Wednesday, December 14, 2016

Crimsons charting course to the top

Bad news for all those fed up with endless images of Crimson Finches from Tyto. You're in danger of finch flood from Townsville Common.

But it's not my fault. Deep research (10 minutes on ebird) this morning reveals the Crimsons are taking over. From none (yes, none) listed in 2009, Crimsons now rank more or less equal with Double-barreds in sighting frequency and numbers. Left trailing, Chestnut-Breasted Mannikin and Scaly-breasted Munia (Nutmeg Mannikin), which just five years ago ruled with Double-barreds.

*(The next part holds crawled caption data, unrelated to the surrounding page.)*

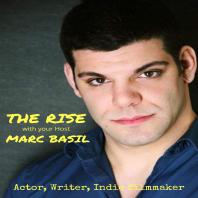 THE RISE with your host Marc Basil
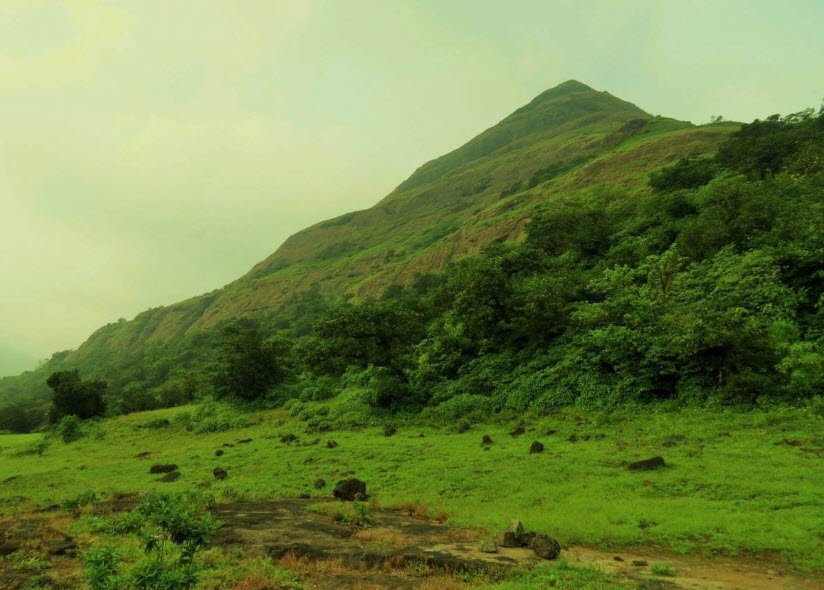Kaladgad Fort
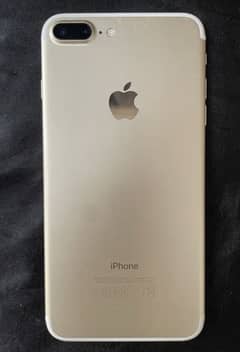 iPhone 7+ 128 pta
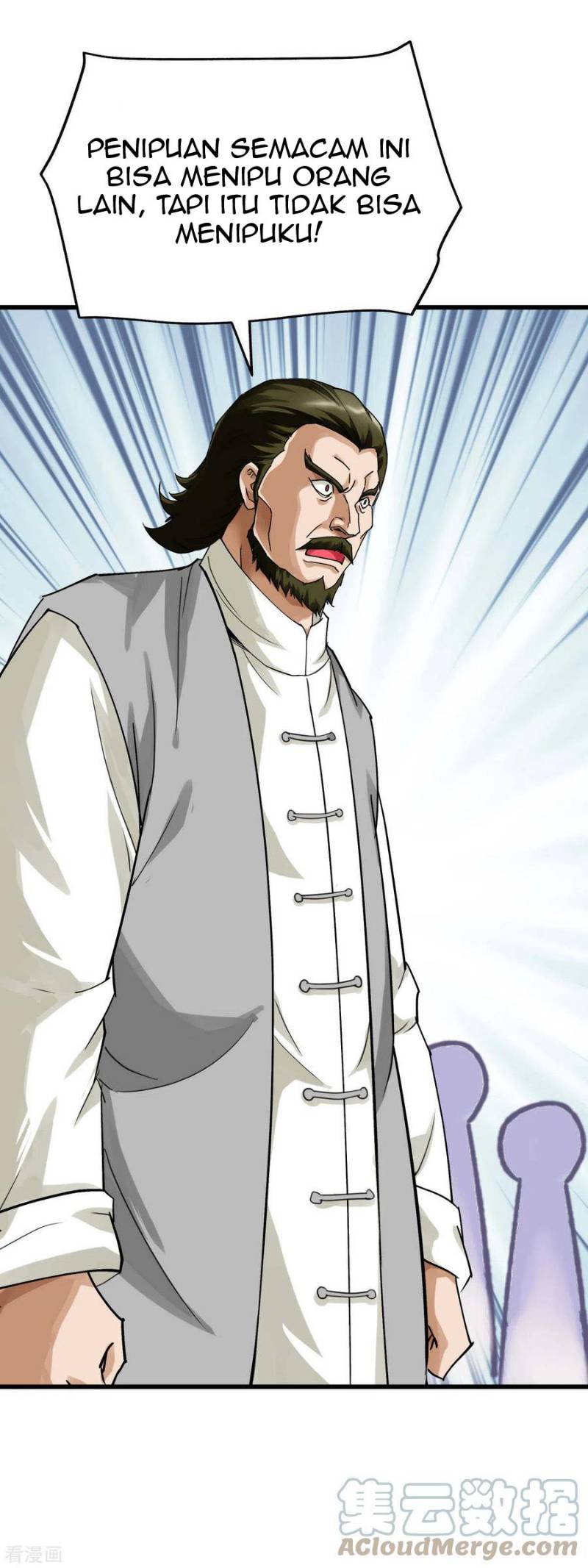 Rebirth I Am The Great God Chapter 163 - halaman 26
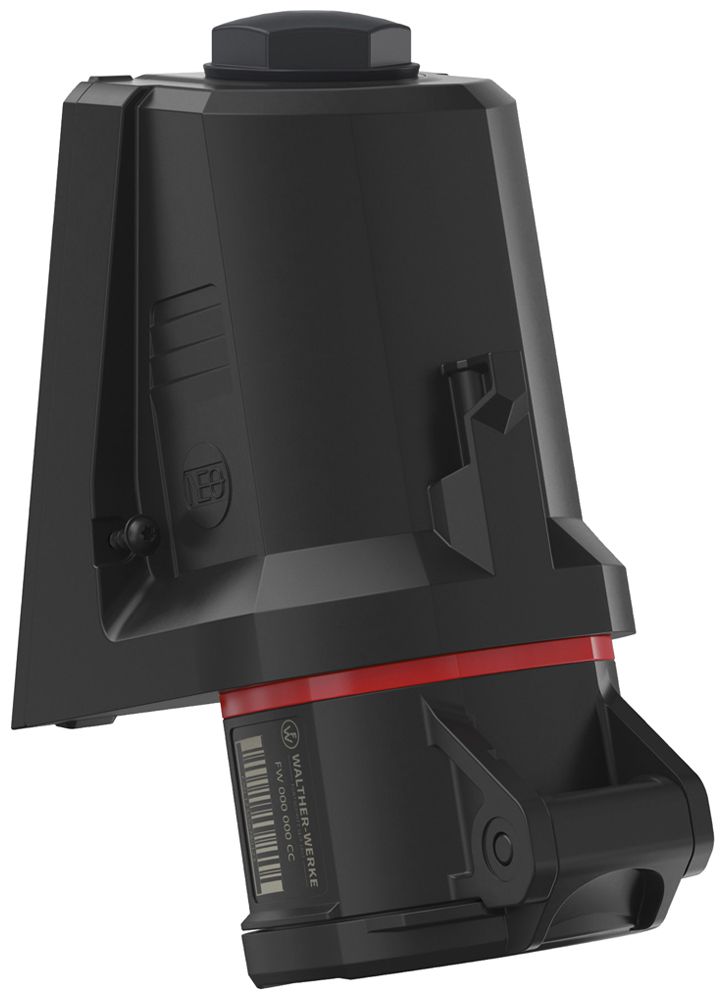 Prise CEE AP NEO 5P 16A 380…415V 6h rouge IP54 borne à vis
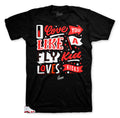 Retro 14 Candy Cane Love Kicks Shirt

What's more (or maybe less, who knows?), Crimsons like water, and Townsville's been particularly dry for 5-6 years.

But so as not to be accused of speciesism, here's the other finch frontrunner.

Can DBs keep up with competition? I suspect they're slightly less adaptable. So, my money's on the Crimsons if the conditions that have brought about the dramatic change in their numbers, whatever they may be, continue. They'll outbreed the others.


john said...

Who could get tired of Crimson Finches? Double-barred Finches are no less impressive. Since weather conditions fluctuate constantly, back and forth over time like a pendulum, bird distribution and abundance follows along. Enjoy what you have until it changes. Great photos of great little birds.

Tony Ashton said...

Pendulum? I think more of a dangling rope with mad monkeys swinging on it. Much is chaotic and boundaries are barely discernible. The naked ape and the mad monkeys. It's good to be alive!